Rabih Abou-Khalil : Al-Jadida
Sixième album de Khabih Abou-Khalil, Al-Jadida est le premier que j’ai entendu. Je suis resté saisi, le jeune homme de seize ans que j’étais n’avait jamais encore entendu pareille musique équilibriste et endiablée, et ce CD est resté en bonne place dans ma discothèque personnelle.
Al-Jadida, un fil tendu entre des mondes
Al-Jadida est un quintet singulier, doté d’une section rythmique remarquable : un percussionniste originaire de Madras, un percussionniste originaire de Madras encadrant un contrebassiste à la stabilité rythmique exemplaire. C’est d’ailleurs cette contrebasse, dans les mains de Glen Moore, qui fait le son si équilibré de cet enregistrement. Elle sert de basse, mais double parfois l’oud dans les graves amplifiant les motifs mélodiques. Au-dessus, dialoguent et s’unissent l’oud de Khabih Abou-Khalil et le saxophone alto de Sonny Fortune. Si l’on entend l’Orient dans les compositions du maestro, c’est un Orient recomposé par l’imaginaire d’un musicien nourri des traditions musicales libanaises et européennes, enrichi par les apports de ces acolytes. Le duo rythmique, composé de Nabil Khaiat et de Ramesh Shotam, étourdit de stabilité et d’inventivité : reqq, daf, batterie, ghatam, kanjira et moorchang* entrecroisent leurs sonorités de manière unique. Ces deux musiciens font vivre de manière exemplaire les motifs rythmiques complexes tissés par Khabih Abou-Khalil. Pour servir d’écrin à ce CD, le calligraphe beyrouthin Georges Ghantous a réalisé une pochette fascinante.
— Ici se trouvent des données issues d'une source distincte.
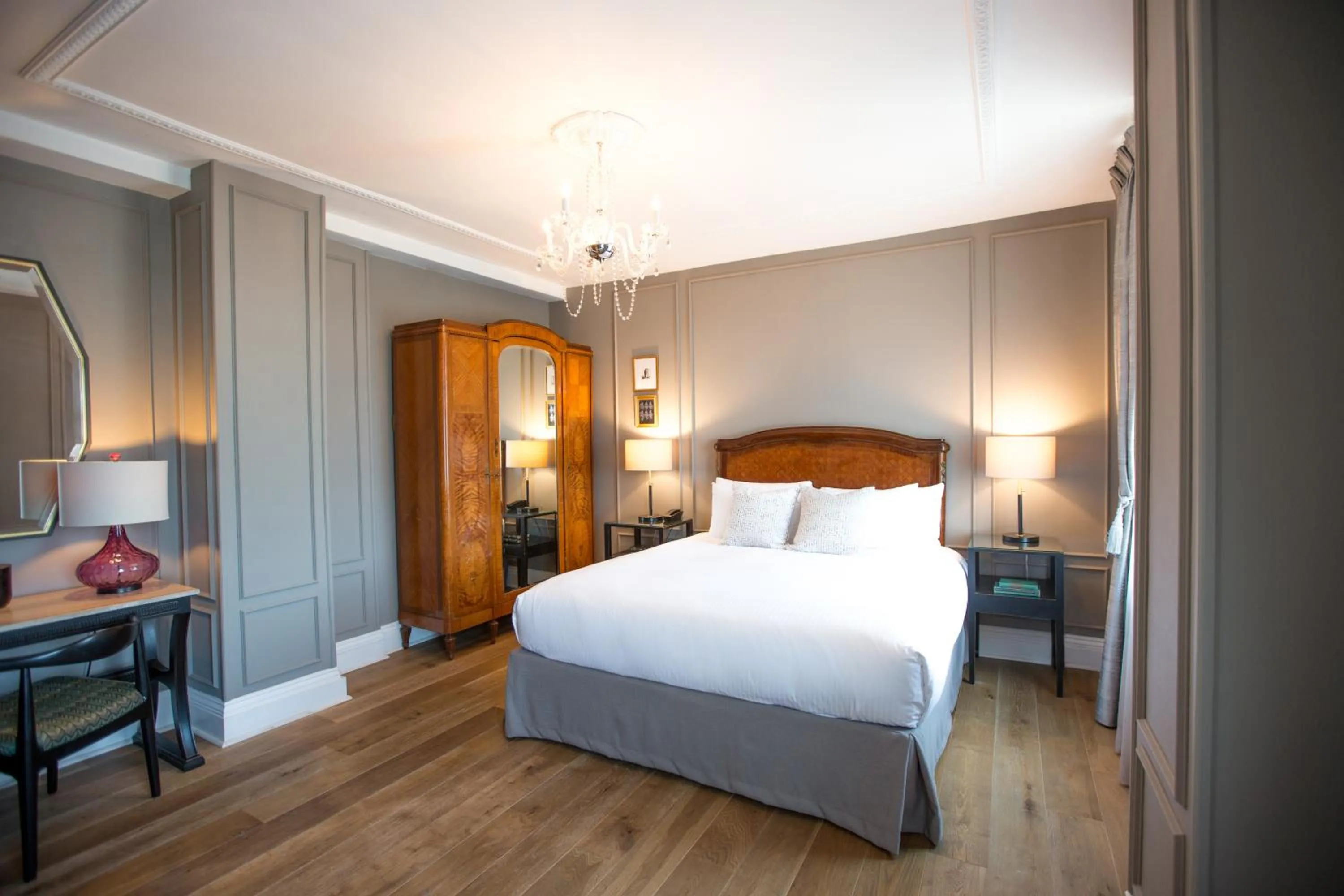 Bedroom, Bed in The Culver Hotel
Trois bonnes raisons bonnes raisons d’écouter Al-Jadida
Tout d’abord, il s’agit d’un jalon dans l’histoire du jazz. Même si ce n’est pas le premier disque de Rabih Abou Khalil, c’en est le premier à véritablement véhiculer ce son unique forgé dans son imaginaire composite. Al-Jadida transcende les frontières musicales et n’est ni un collage ni une fusion.
La deuxième est que cet album est d’une homogénéité rare. Pas une seule composition ne se montre plus faible que les autres.
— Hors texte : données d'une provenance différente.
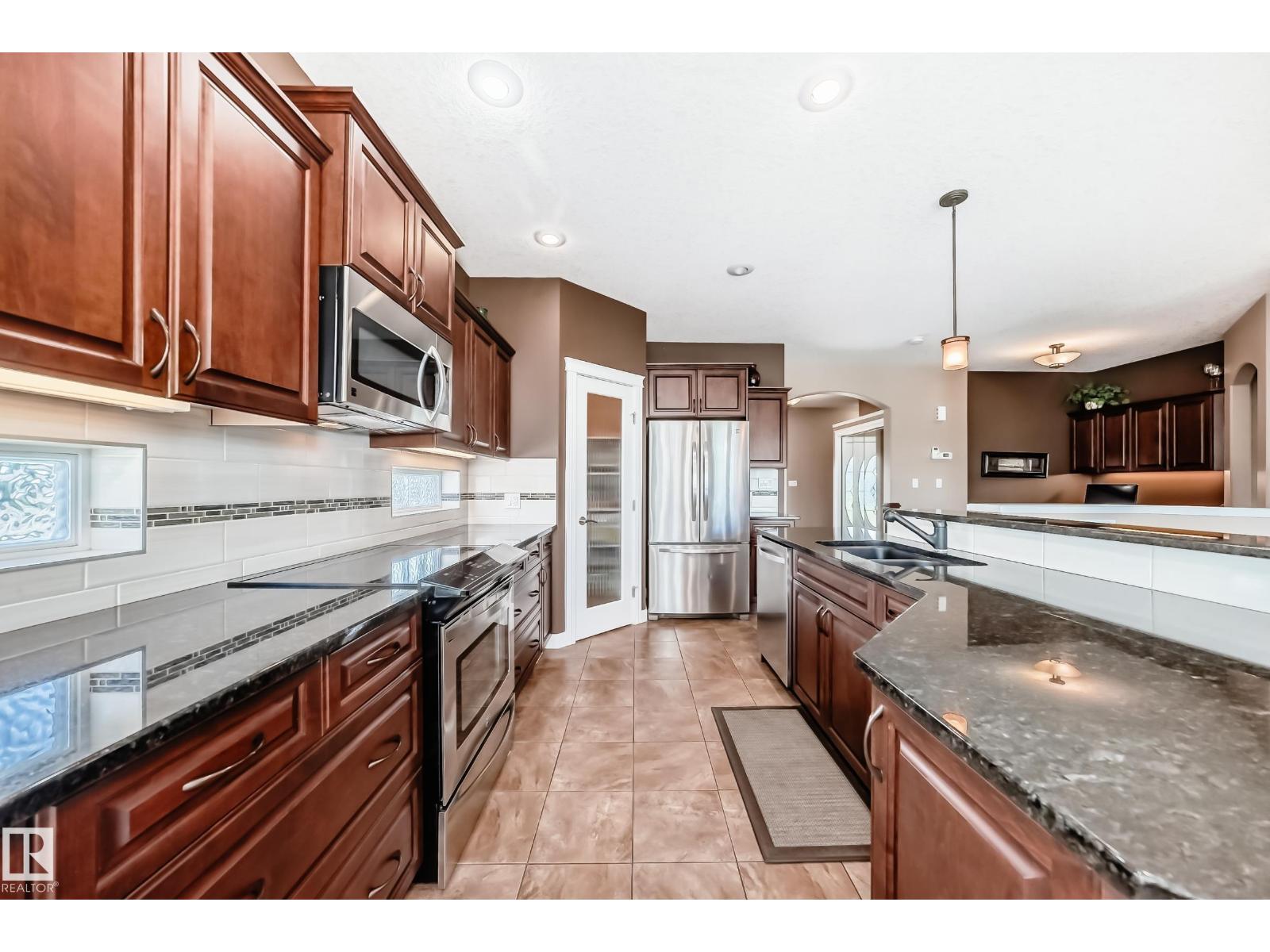 1 Lincoln Cv, Spruce Grove, Alberta  T7X 0N5 - Photo 17 - E4447326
Enfin, Al-Jadida compte parmi les albums importants dans l’histoire de l’oud dans le jazz, histoire débutée en 1958 avec Jazz Sahara de Ahmed Abdul-Malik. Chef-d’œuvre d’inventivité, il est à garder à côté des albums de Munir Bachir, Anouar Brahem et Dhafer Youssef. Vous trouverez d’ailleurs un article très complet sur ce sujet sur le site de Sir Ali.
Références
Enregistré en octobre 1990
Saxophone alto : Sonny Fortune / Contrebasse : Glen Moore / Batterie et percussions d’Inde du Sud : Ramesh Shotham / Percussions : Nabil Khaiat / Oud et composition : Rabih Abou-Khalil
- Catania
- Nashwa
- An Evening With Jerry
- When The Lights Go Out
- Storyteller
- Ornette Never Sleeps
- Nadim
- Wishing Well
* Ndlr. Reqq et daf sont des percussions sur cadre du Moyen-Orient, la kanjira est également une petite percussion sur cadre mais du sud de l’Inde. Le Ghatam est quant à lui une percussion fabriquée en terre cuite et pourvue d’un large évent circulaire. Le moorchang est une guimbarde emblématique de la musique du sud de l’Inde.